Scholing inzetten bij disfunctioneren

22-04-2021

Als een werknemer disfunctioneert, kan de werkgever hem niet zomaar ontslaan. Hij moet de werknemer een redelijke kans geven om zijn functioneren te verbeteren. Is er geen sprake van wangedrag of verwijtbaar handelen, dan moet de werkgever de werknemer met een verbetertraject helpen om aan zijn functioneren te werken, bijvoorbeeld met begeleiding, coaching of (bij)scholing.

Disfunctioneren

In het algemeen geldt dat een werknemer disfunctioneert als hij door onkunde of onmacht zijn taken niet naar behoren vervult. Het kan ook zijn dat hij niet de prestaties levert die zijn werkgever op grond van de functieomschrijving van hem verwacht. Er kunnen allerlei oorzaken en omstandigheden zijn waardoor een werknemer (tijdelijk) onder de maat presteert. Enkele voorbeelden:

  • De werknemer kan het werk niet aan omdat het niveau te hoog ligt.
  • De werknemer kan de ontwikkelingen in de organisatie niet bijbenen.
  • De werknemer maakt fouten door problemen in zijn privéleven, of als gevolg van werkstress.
  • De werknemer voldoet op papier aan de functie-eisen (op grond van achtergrond, opleiding en werkervaring), maar functioneert toch niet goed als gevolg van zijn werkhouding, gedrag of karakter.


Jong en onervaren

Het is op grond van de wet niet mogelijk om een arbeidsovereenkomst te laten ontbinden als het disfunctioneren het gevolg is van onvoldoende scholing door de werkgever. Bij het aannemen van een jonge of onervaren kracht is die werknemer meestal nog niet ‘vakvolwassen’. Zo’n werknemer moet nu eenmaal nog veel leren. Vaak merkt de werkgever tijdens de proeftijd of het eerste contract wel of de werknemer in staat is om aan de functie-eisen te voldoen. Maar er hoeft dan niet meteen sprake te zijn van disfunctioneren. Soms heeft de nieuwkomer gewoon wat meer tijd nodig om zich bepaalde zaken eigen te maken. Het is in ieder geval belangrijk om kritiek op het functioneren te bespreken en vast te leggen, bijvoorbeeld tijdens voortgangs-, functionerings- en beoordelingsgesprekken. De werknemer moet dus weten aan welke punten hij nog moet werken en een reële kans krijgen om zijn functioneren te verbeteren.

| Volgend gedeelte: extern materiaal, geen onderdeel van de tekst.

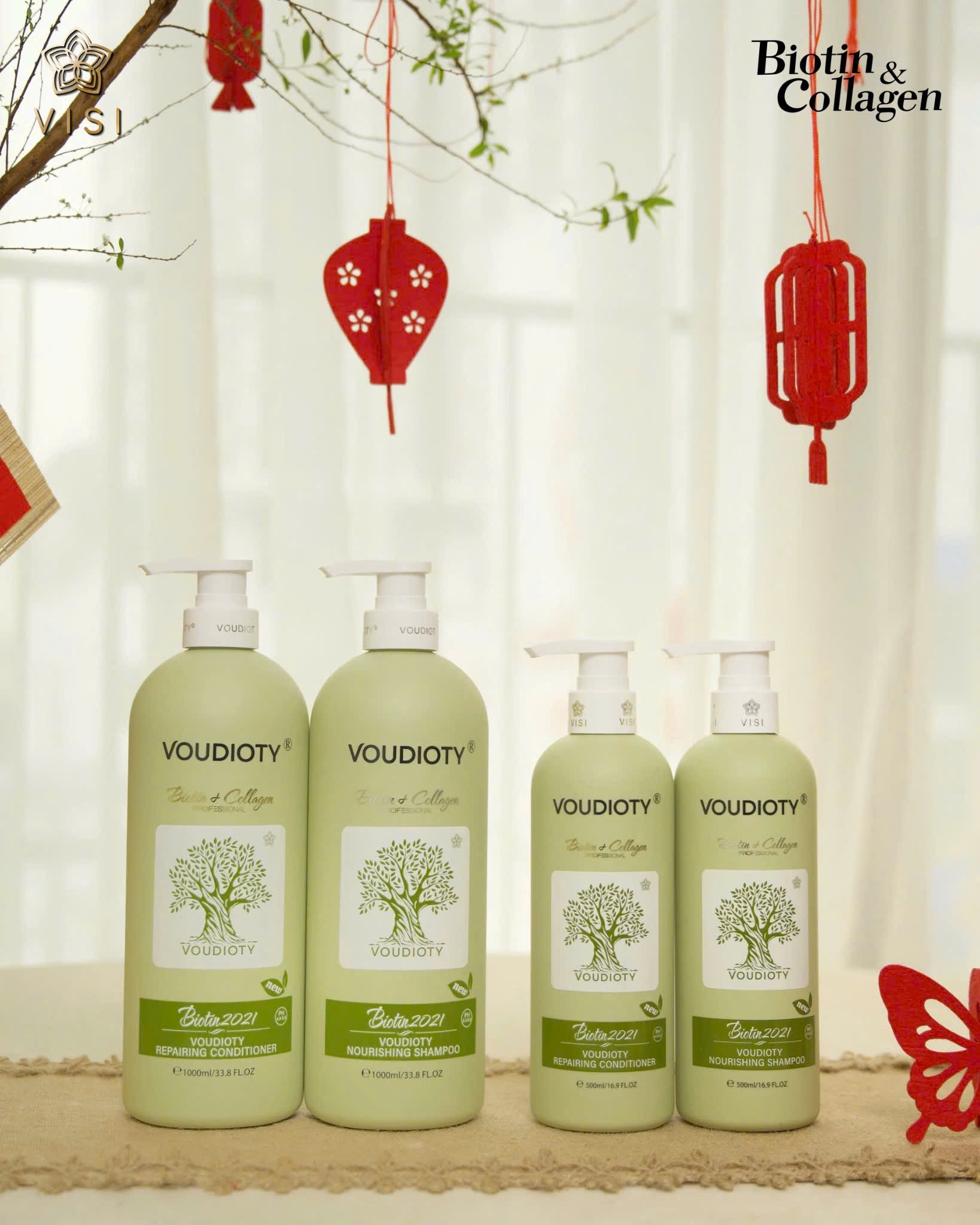 GỘI XẢ PHỤC HỒI TÁI TẠO TÓC BIOTIN & COLLAGEN VOUDIOTY 1000ML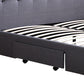 Thale Bed Frame Fabric Base With Storage Drawer Wooden - Dark Grey Queen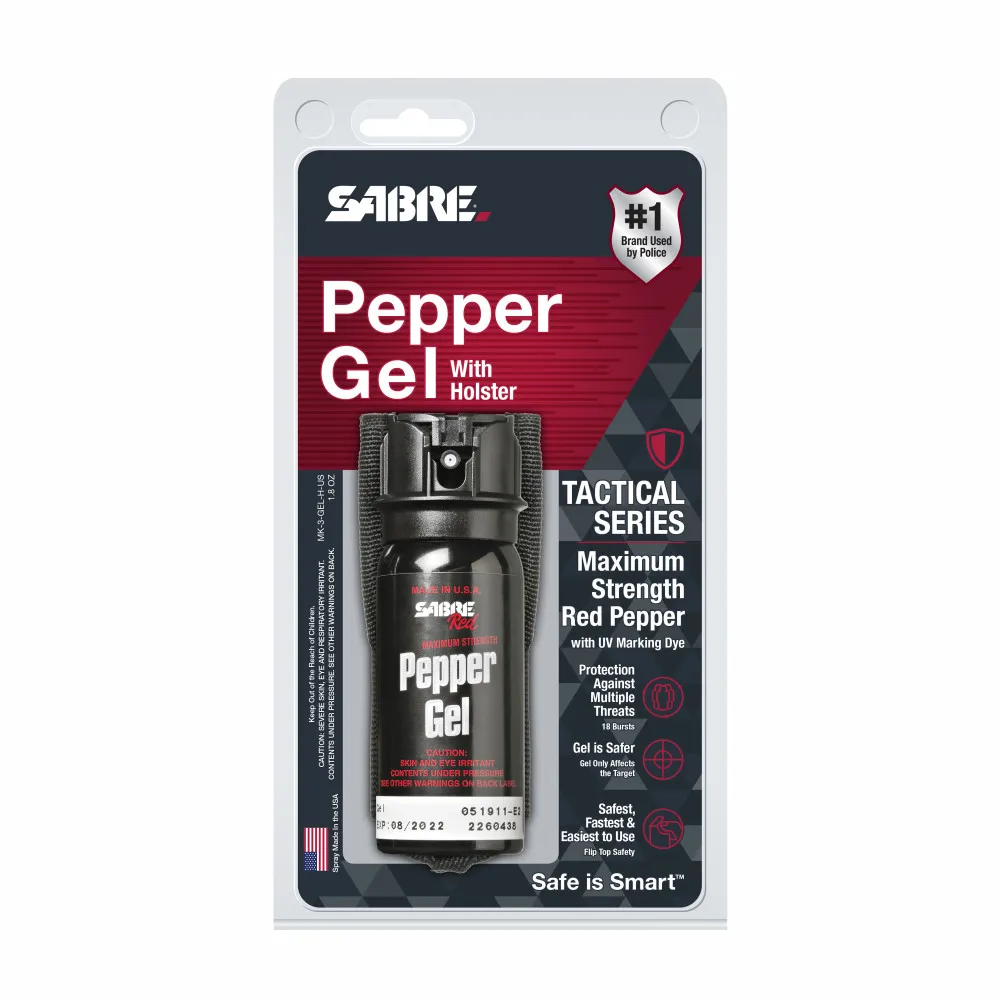 SABRE Tactical Pepper Gel With Holster 18 Bursts, 18-Foot (5.5 Meter) Range Gel Is Safer, Flip Top Safety, Professional Grade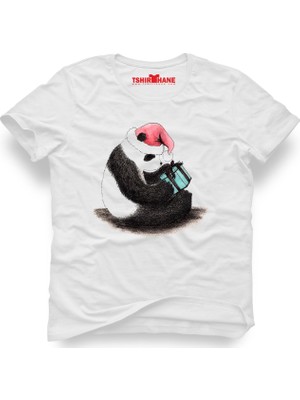 Tshirthane Yalnız Panda Beyaz Erkek T-Shirt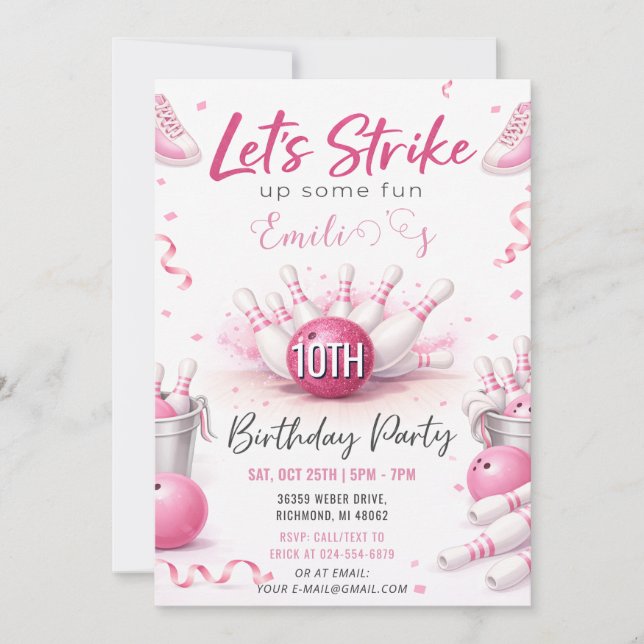 Custom Pink bowling Birthday Invitation (Front)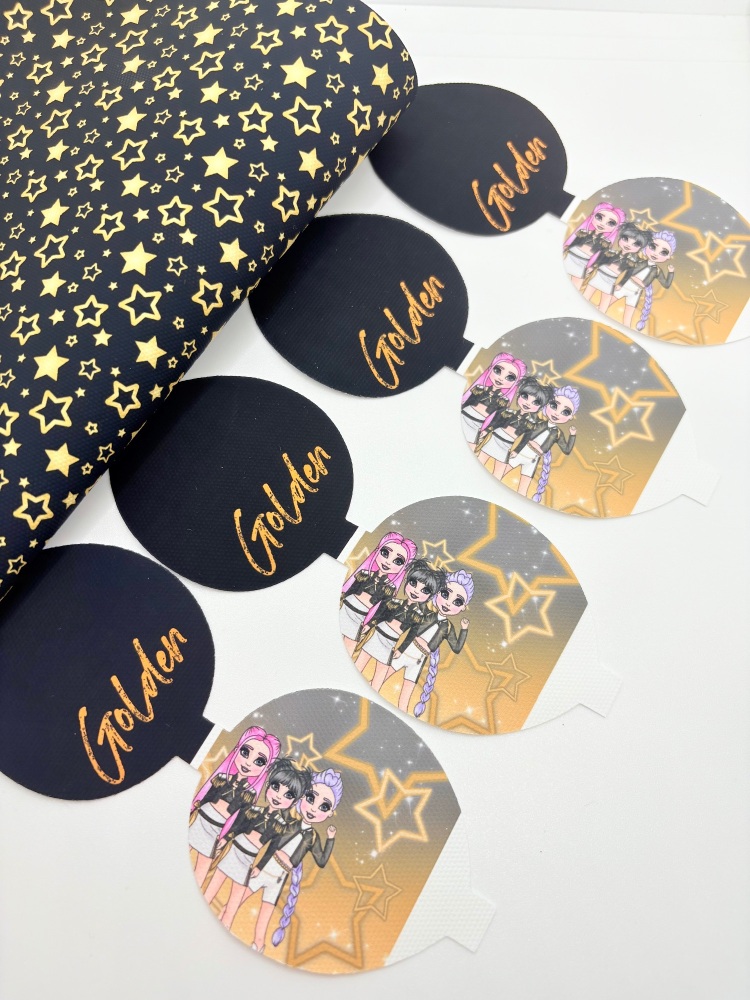 Mixed Golden k pop demon hunters printed pre cut bow loop
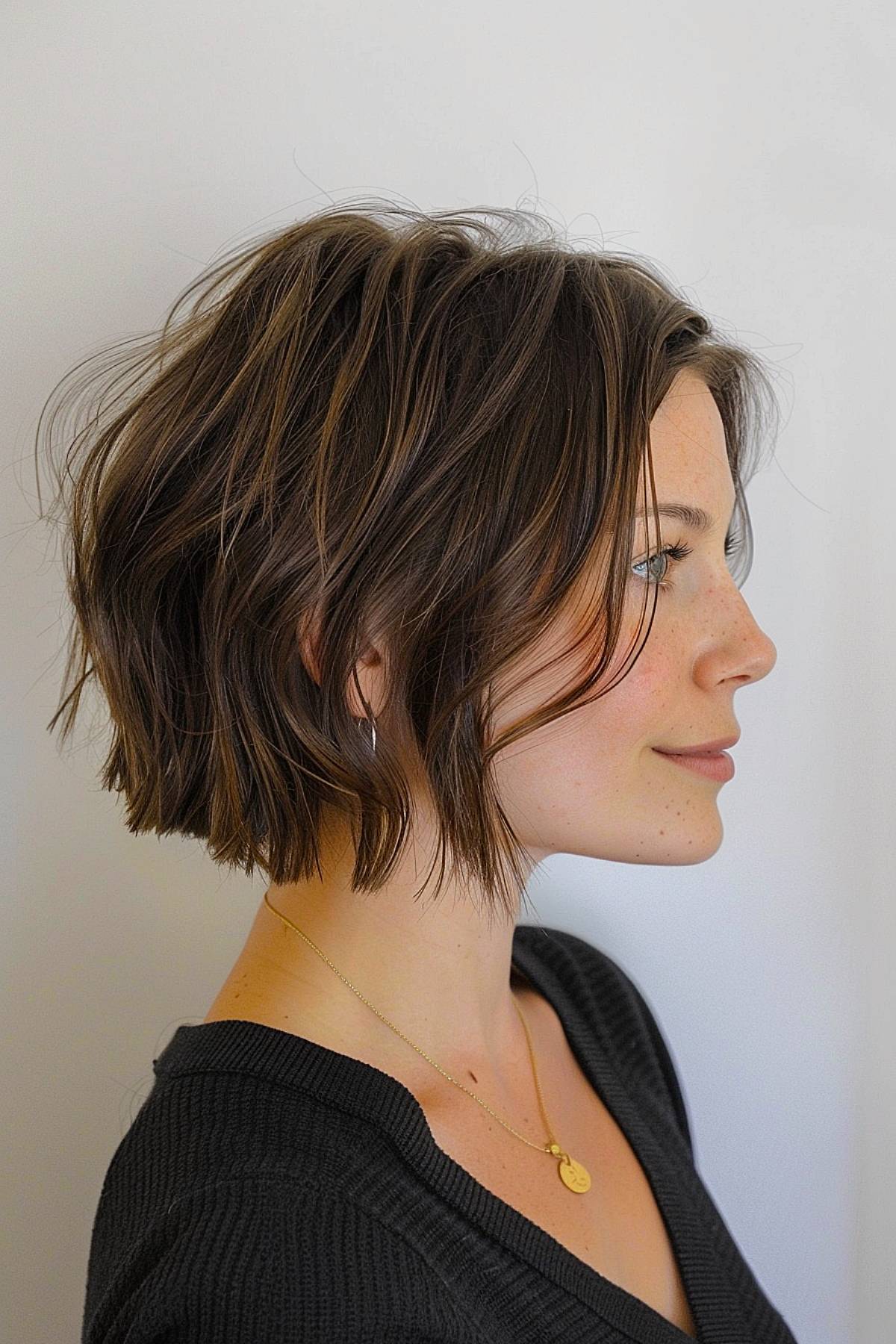 Short choppy bob haircut for fine hair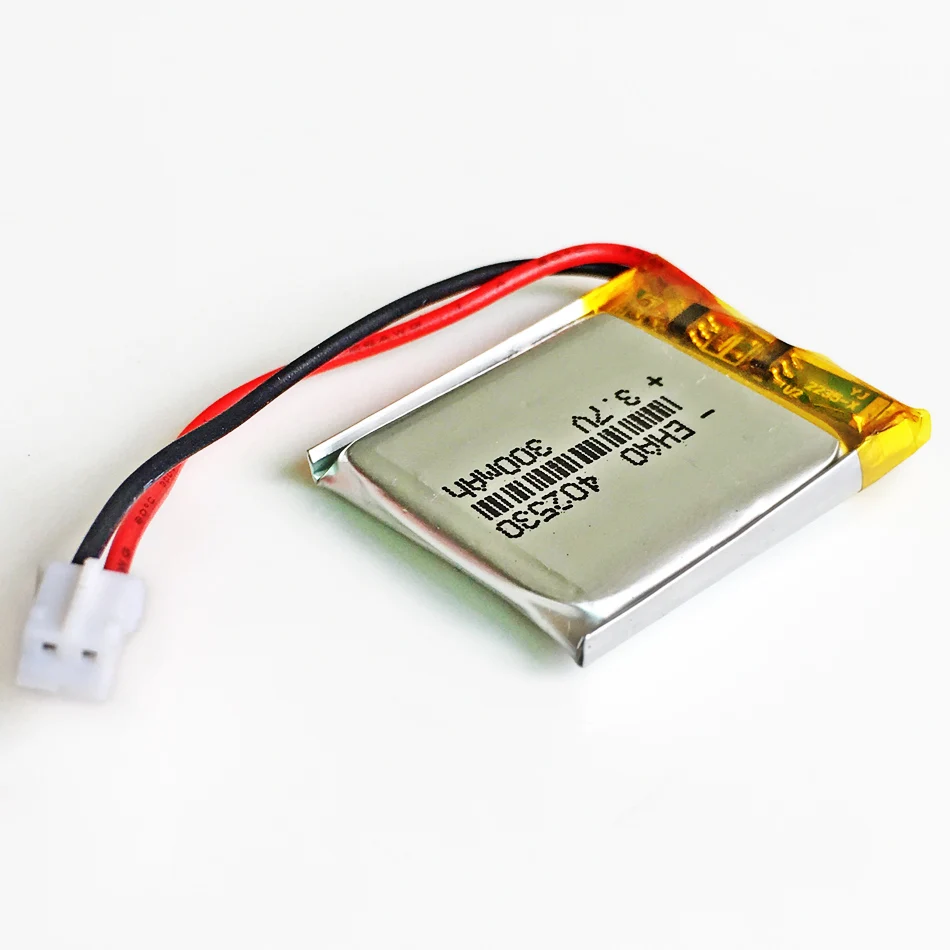 5 uds 3,7 V 300mAh batería recargable LiPo de polímero de litio + enchufe JST 2,0mm 2 pines para cámara Mp3 Altavoz Bluetooth GPS 402530 - imagen 3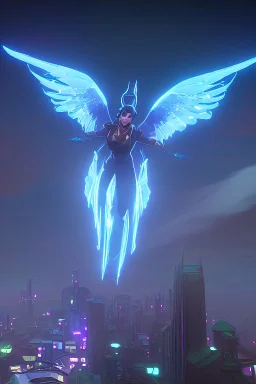 A flying angel over the tall buildings in a city at deep blue night.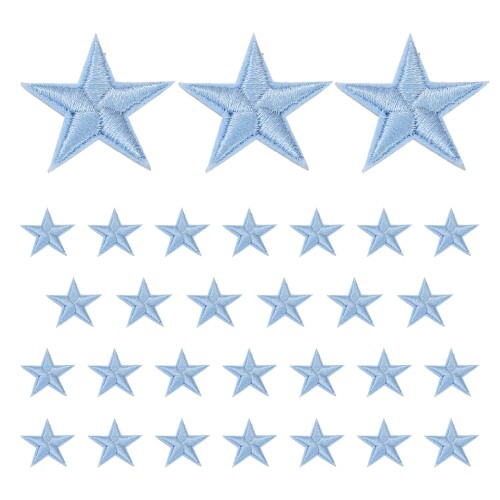 刺繍ワッペン アイロンパッチ 五つ星 ライトブルー アップリケ 衣類 装飾 DIY 修理 星型 ハンドメイド 30枚セット NYANDELMO ND-0195-R04-LB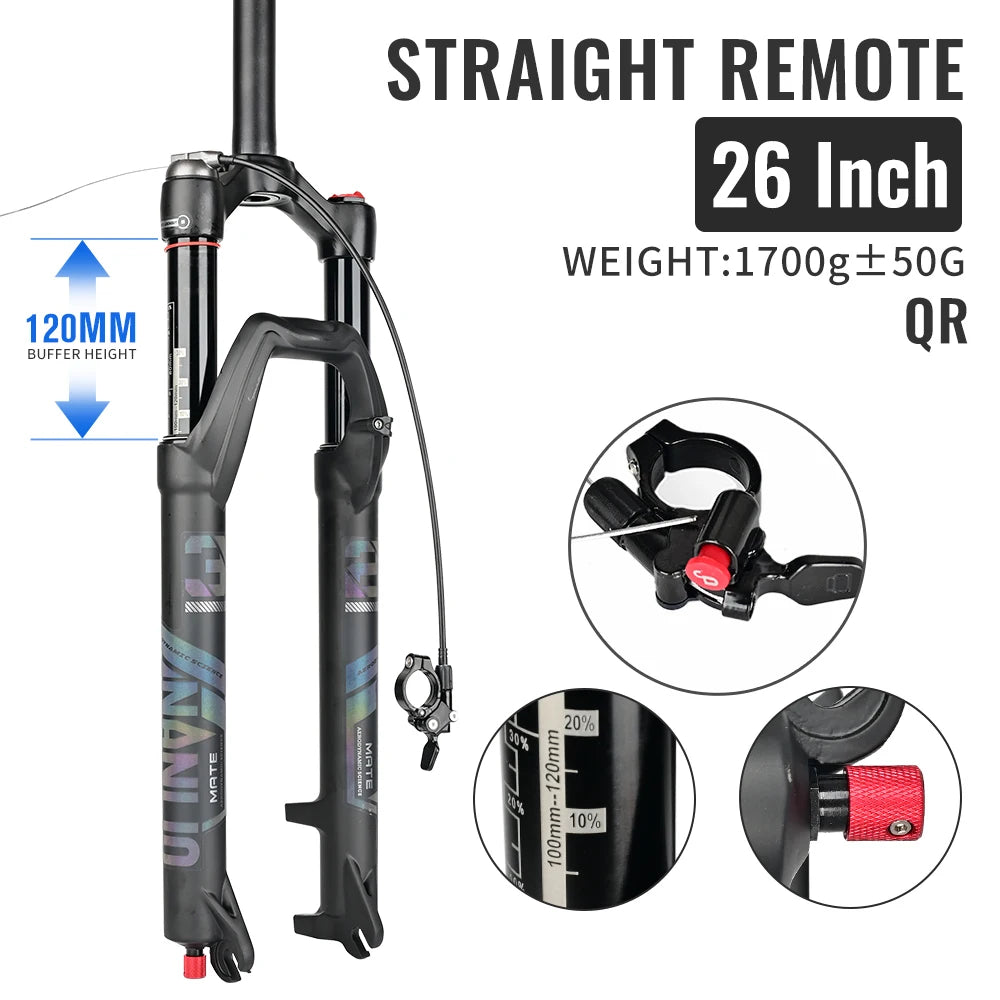 NANLIO X7 PRO MTB Air Suspension Fork 26/27.5/29er 120/140mm Rebound Remote Lockout Straight/Tapered 100x9/100x15mm QR/Thru Axle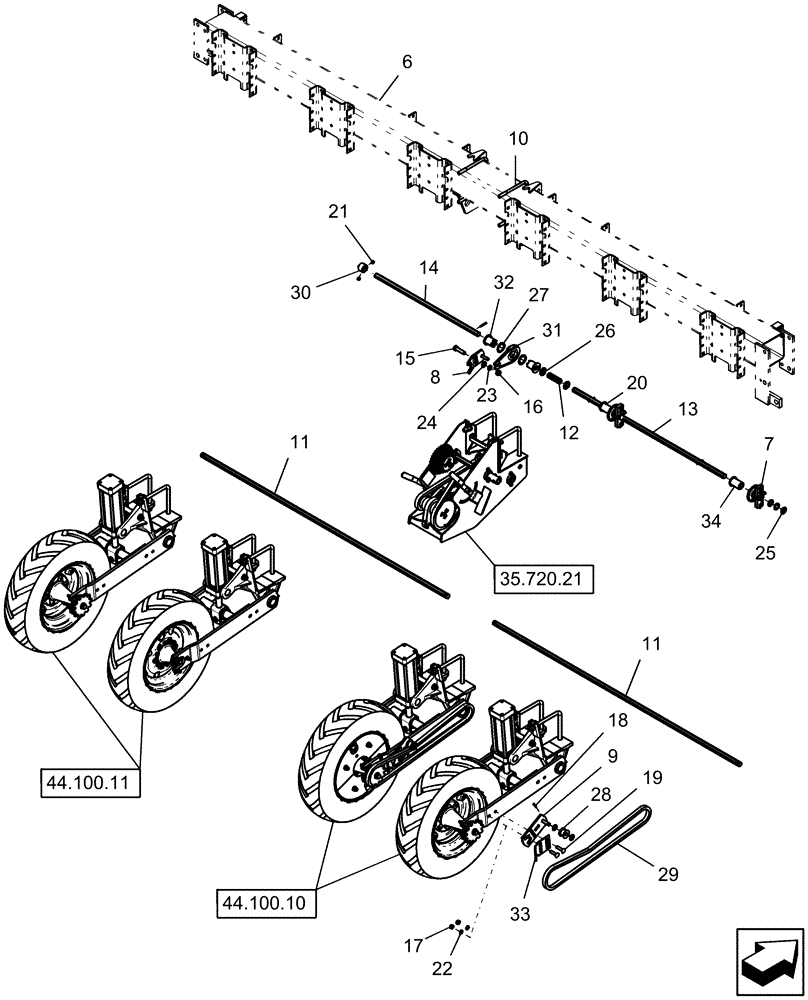 Схема запчастей Case IH 1220 - (35.720.02) - DRIVE SYSTEM - 6R RIGID TRAILING MECH (35) - HYDRAULIC SYSTEMS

Geef ruimte voor verbetering

Als een werknemer jong of onervaren is, wordt er op het gebied van begeleiding nog meer van de werkgever verwacht. Vindt een werkgever dat er sprake is van disfunctioneren bij een werknemer die nog volop in een leer- of ontwikkelingsfase zit? Dan moet hij aannemelijk maken dat hij de werknemer alle ruimte heeft gegeven om het vak te leren en aan verbeterpunten te werken. Denk hierbij aan intensieve begeleiding door een ervaren medewerker, bijscholing of coaching. Daarnaast moet de werknemer een redelijke termijn krijgen om zich het vak eigen te maken.